I looked at the pictures. I checked out the email through my trusty friend snopes.com (an excellent place to get information on email rumors, etc. before forwarding them on to people). The pictures are real enough. They are undoctored as far as I can tell. But they were taken during a protest after the whole cartoon debacle, back in February. There were five hundred British Muslims in that protest, and their sentiments were very disturbing.
But in my truth, there is more to the story. What I also see are things like this story.
Because you see, after that radical protest over the cartoons, about FIVE THOUSAND mainstream Muslims showed up in Britain to protest not only the cartoons, but also the portrayal of Islam as extremist. Their goal was to dissociate themselves from the radical extremists. Their goal was to protest what they saw as a wrong, but do it in a civilized manner and to let the world know that Islam is not extremist Islam. We're talking something like an order of magnitude for comparison of numbers in these two protests. And I can guarantee you that extremist whackos are always going to be more likely to show up for protests. I can't begin to put a number on the numbers of moderate, mainstream Muslims who didn't show up. Islam is not equivalent to the whacko extremists.
Truth. Perception.
Partial truths are more dangerous than lies.
I didn't share this with her or respond to her email. There's as much chance of me changing her view of the world as there was of her email changing mine. And yes, I feel uncomfortable writing about this whole incident here because she is a member of my cyber community, many of which read my blog. She is a real person, one who has invited me to her home and one I have shared joys and worries with for the past decade. I wish her no ill. But for me, she has come to symbolize the deep and disturbing divide between Israel and the Arab world. I have been doing some deep thinking over when it is best to remain silent and when it is best to speak out against something you see as an injustice. This blog is my world. It is my place to think things through out loud and get feedback. So in this world, I speak out.
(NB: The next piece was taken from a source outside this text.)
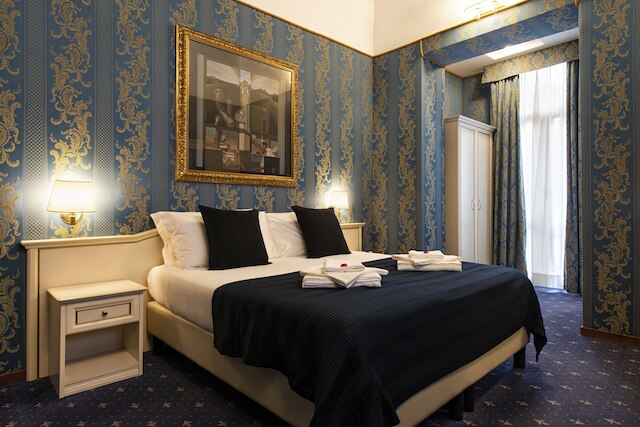 カノーヴァ ルームズ イン スパニッシュ ステップス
My acquaintance is certainly not alone in her views. I'm saddened that such large divisions between subsets of our world community exist. I'm saddened that so many of us see world events through glasses colored by our own perceptions, to the point that our truths or half-truths are so incompatible. I'm saddened that for many, our perception-colored truths stand in the way of communication and understanding. If, for instance, you truly believe the majority of Islamic people are so angry that they they have lost any semblence of humanity, well then, you've just shut off any hope of resolution.
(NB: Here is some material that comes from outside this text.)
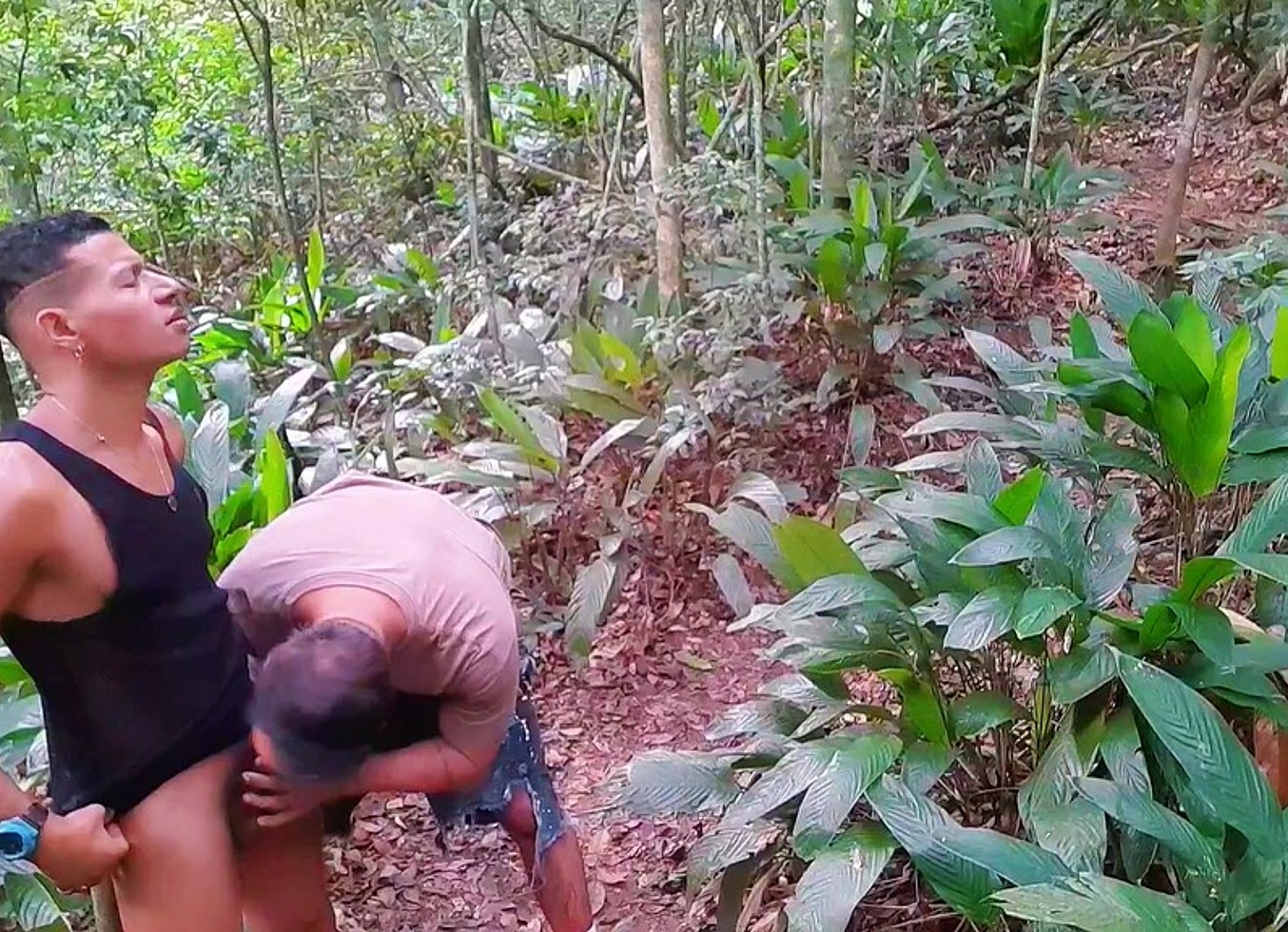 Horas No Parque Publico Transando Com Desconhecidos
As long as we are unwilling to open ourselves up to understanding those who are different than we are, those differences will continue to spark hate, to spark division, to spark violence. Maybe it is inevitable. Maybe the world is so full of roses and daisies that the distinctions loom larger than the similarities. In the meantime, I reserve my right to remain deeply saddened by not only the realization that this acquaintence and I will probably never see eye to eye, but that entire civilizations of people will never see eye to eye. Is it that we need to learn to live with conflict rather than hope to stem it? I hope not, but who am I to call a rose a daisy anything at all?